### Task requirements
Wherever the listing holds a picture, leave it out, and copy the remainder exactly.
───── Given material ─────
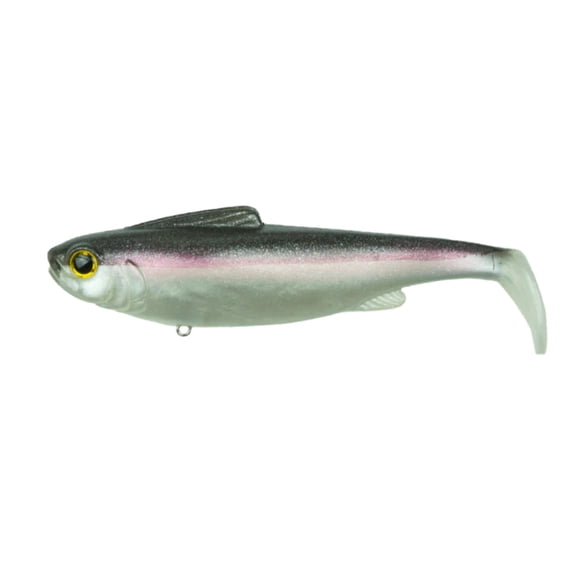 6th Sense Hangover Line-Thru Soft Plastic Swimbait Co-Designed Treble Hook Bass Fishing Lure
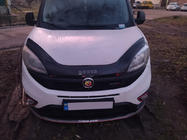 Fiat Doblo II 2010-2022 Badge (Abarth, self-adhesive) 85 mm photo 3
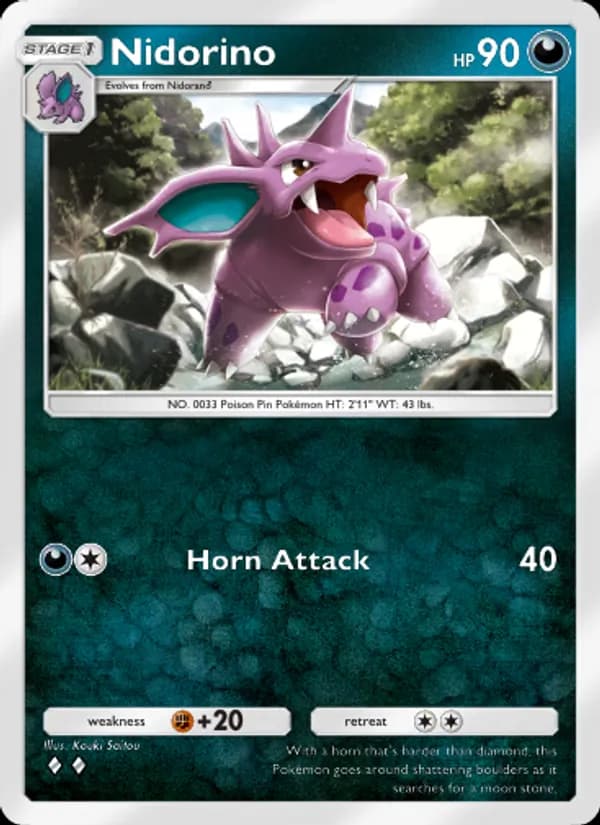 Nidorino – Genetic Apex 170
─────
### Answer for the task
 6th Sense Hangover Line-Thru Soft Plastic Swimbait Co-Designed Treble Hook Bass Fishing Lure
 Fiat Doblo II 2010-2022 Badge (Abarth, self-adhesive) 85 mm photo 3
 Nidorino – Genetic Apex 170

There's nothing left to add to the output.